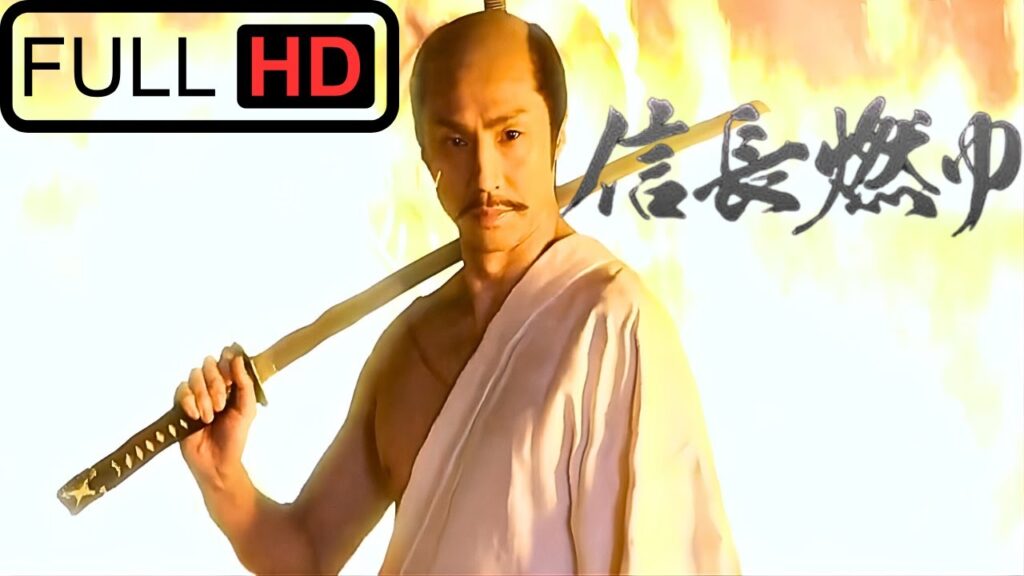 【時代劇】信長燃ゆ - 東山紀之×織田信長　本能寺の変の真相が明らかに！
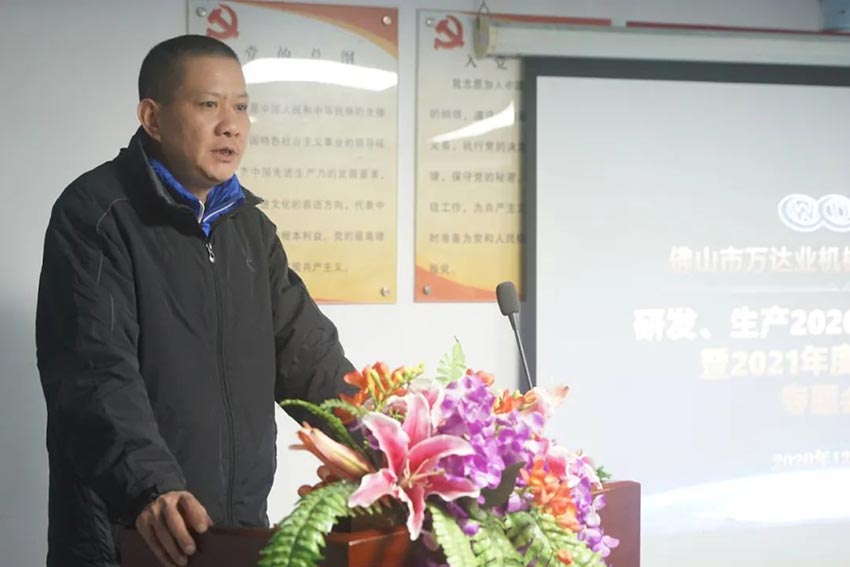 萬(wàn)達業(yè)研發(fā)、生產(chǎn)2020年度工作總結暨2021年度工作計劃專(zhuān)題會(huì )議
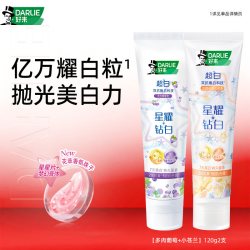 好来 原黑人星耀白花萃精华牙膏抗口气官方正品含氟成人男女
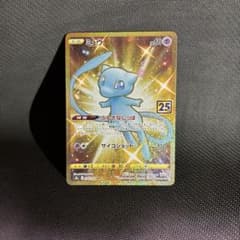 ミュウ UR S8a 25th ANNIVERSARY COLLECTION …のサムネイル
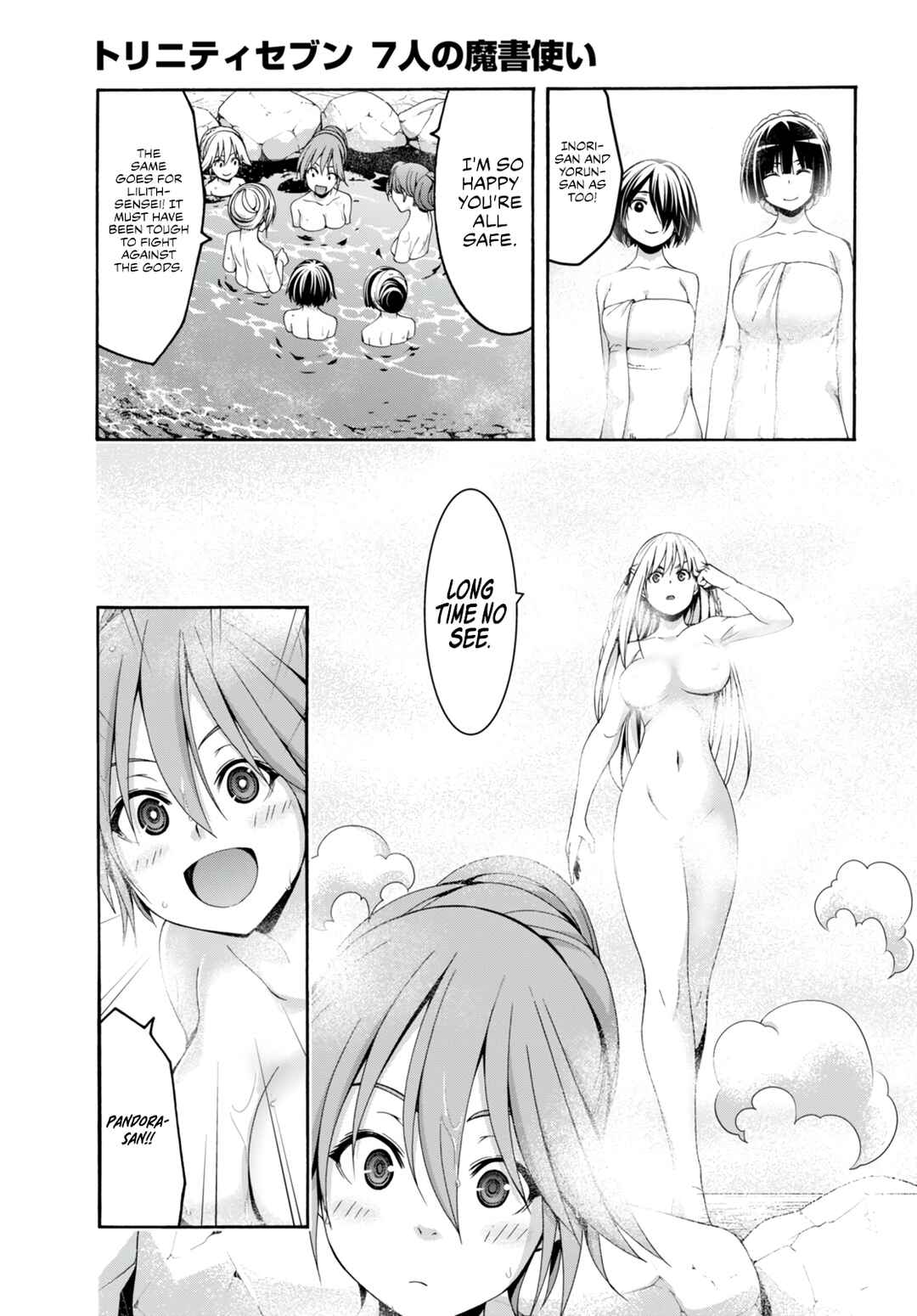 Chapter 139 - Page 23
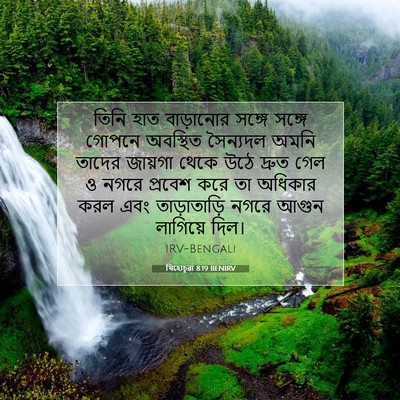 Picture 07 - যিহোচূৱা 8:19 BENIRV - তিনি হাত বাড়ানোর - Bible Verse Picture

————

Task brief —
Output the records above in their entirety and exactly, leaving out all images.

Response to this task —
 【時代劇】信長燃ゆ - 東山紀之×織田信長　本能寺の変の真相が明らかに！
 萬(wàn)達業(yè)研發(fā)、生產(chǎn)2020年度工作總結暨2021年度工作計劃專(zhuān)題會(huì )議
 好来 原黑人星耀白花萃精华牙膏抗口气官方正品含氟成人男女
 ミュウ UR S8a 25th ANNIVERSARY COLLECTION …のサムネイル
 Chapter 139 - Page 23
 Picture 07 - যিহোচূৱা 8:19 BENIRV - তিনি হাত বাড়ানোর - Bible Verse Picture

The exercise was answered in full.